Project managers are employed by clients to save them money, time and hassle. Many clients are unaware and unsure of construction procedures, building design, construction costs, building contracts and particularly, managing a project. The project manager at the inception stage of the project, i.e stage ‘A’ of the RIBA plan of work, can partake in discussions with the client to obtain the clients ideas, objectives and needs of the project. This will include primarily, a budget, a timescale, a brief outline of their design requirements such as metres squared of office space or number of seats in a football stadium. As the client may have had ideas regarding this project for a period of time now, it will be likely they have a particular ‘design scheme’ in mind, and the feasibility of this ‘scheme’ can be discussed with the project manager to ensure that client has a realistic design within their desired budget.
Many projects are designed by an architect and are taken through to site operations, i.e part ‘J’ / ‘K’ of the RIBA plan of work without any input from an experienced site contractor / project manager. This can lead to feasibility / cost issues on site as unfortunately not every architect has the concept of how buildings are constructed in detail. However the appointment of a project manager can eliminate these types of problems prior to site operations as his opinion on the architects proposals can be sought at the planning stage, i.e part C / D of the RIBA plan work.
The RIBA Plan of Work
Below is a list of the various stages of the RIBA plan of work with a small description of the project managers role at each stage:
A – Appraisal – Determine feasibility of clients requirements. Design/Cost/Quality.
B – Strategic Briefing – Receive strategic brief from client.
C – Outline Proposals – Develop brief, prepare outline proposal & approximate cost.
D – Detailed Proposals – Develop proposal, provide information on cost estimate, consult local authorities, gain approval from client, submit planning application.
E – Final Proposals – Develop proposal to full working drawings, obtain further cost estimate, obtain approval from client on construction methods, specification & cost. Apply for building warrant & Advise on a programme.
F – Production Information – Organise the preparation of a detailed cost such as a bill of quantities quantifying all the required work to enable a contractor to insert rates.
G – Tender Documentation – Send out tender documents to main contractor(s).
H – Tender Action – Once received the tenders back from contractors, study & compare prices and discuss with client. Select clients preferred contractor based on advice given to client.
J – Mobilisation – Provide any additional information to CDM coordinator and contractor prior to construction works.
K – Site Operation – Site visits, provide further information to contractor as required, review design information received from specialists or contractor. Prepare as built drawings for health and safety file. Advise on maintenance of building. Communicate and organise with all project contributors.
L – Completion – Inspect building for defects, provide information for final payment to be made to contractor.
M – Feedback – Study suitability of the buildings design for required use.
The project team can be large in number and each member of the team has different roles to play and time to perform that role. Based on the above stages A to M of the RIBA plan of work the following project team members are involved at the following stages:
Architect – A to M – Designs, produces drawings, instructs contractor.

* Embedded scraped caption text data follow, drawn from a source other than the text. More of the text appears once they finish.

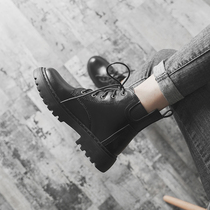 Martin boots womens 2021 spring and autumn season new net red boots versatile handsome black thick-soled thick-heeled British style boots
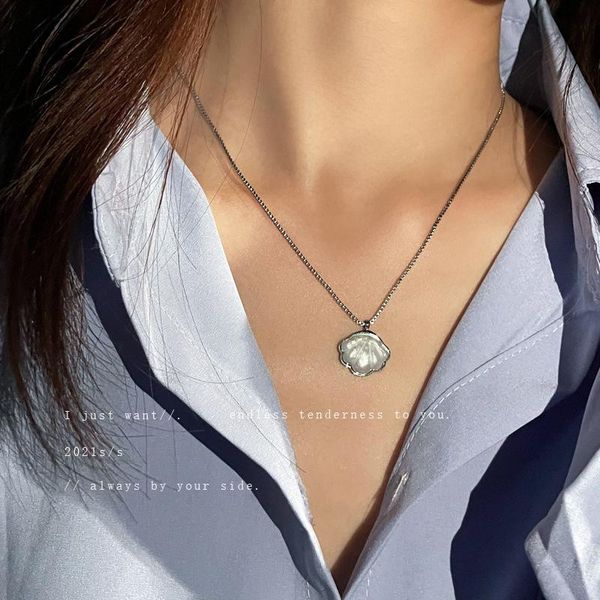 

chains korean fashion shell necklace for women kpop cute gold chain pendant collares para mujer jewelry 2021, Silver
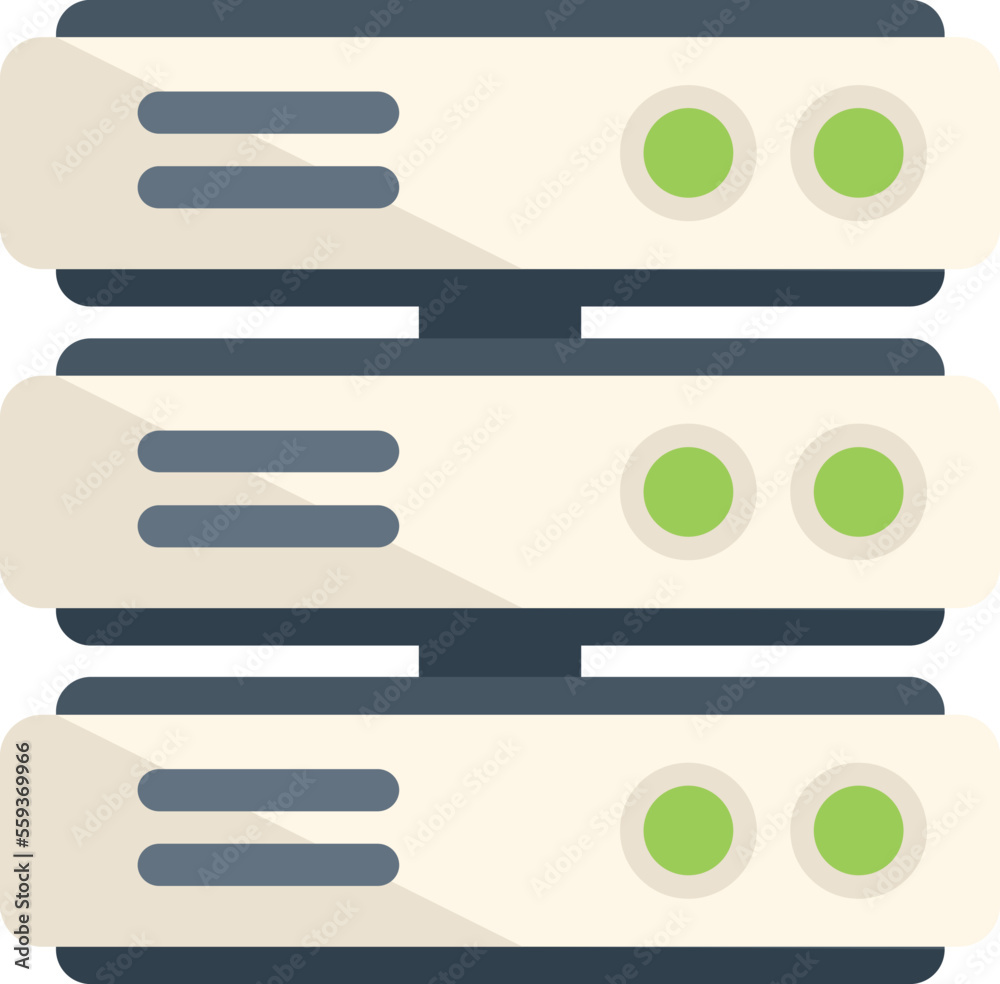 Poster server desktop icon flat vector. system data. consumer access isolated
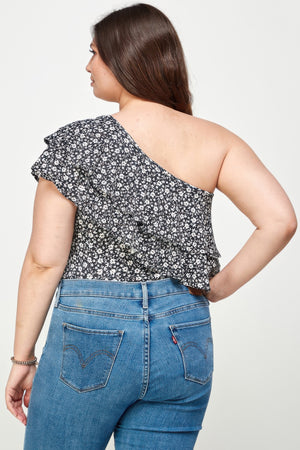 Plus Size Ditsy Floral One Shoulder Bodysuit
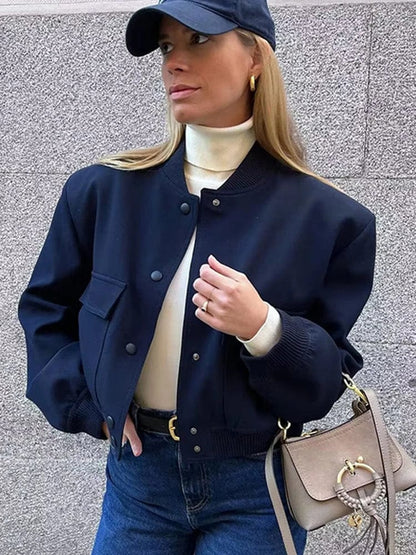 Women's Ribbed Collar Button-Down Cropped Varsity Jacket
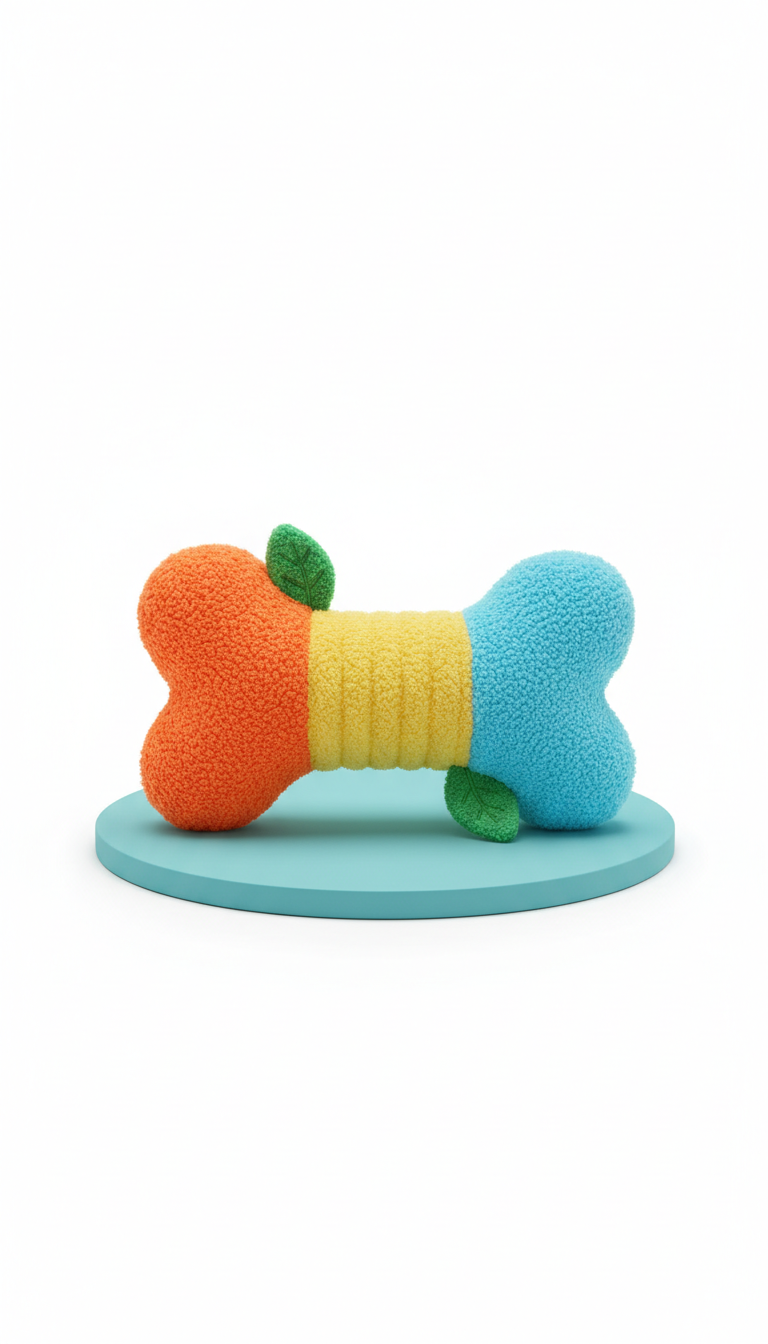 Plush dog chew toy, Default hero product angle is 3/4 view on a pure white or color-blocked platform that echoes the brand...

Quantity surveyor – A to M – Provides cost information at outset and detailed bill of quantities at stage G. Measures construction work carried out at stage K to calculate payment to contractor.
Project manager – A to M – Leads, communicates and organises rest of project team.
Engineers (Structural / M+E / Civil) – D to J – Provides detailed structural drawings / details. Advises on services and ground conditions etc.
Builder / Contractor – D to M – Constructs and completes project.
Duties, Responsibilities, Tasks & Skills of The Project Manager
The project manager is involved at all five stages of a project:
Defining – Definition of client objectives and project strategies.
Planning – Preparation of specifications, schedules and budgets.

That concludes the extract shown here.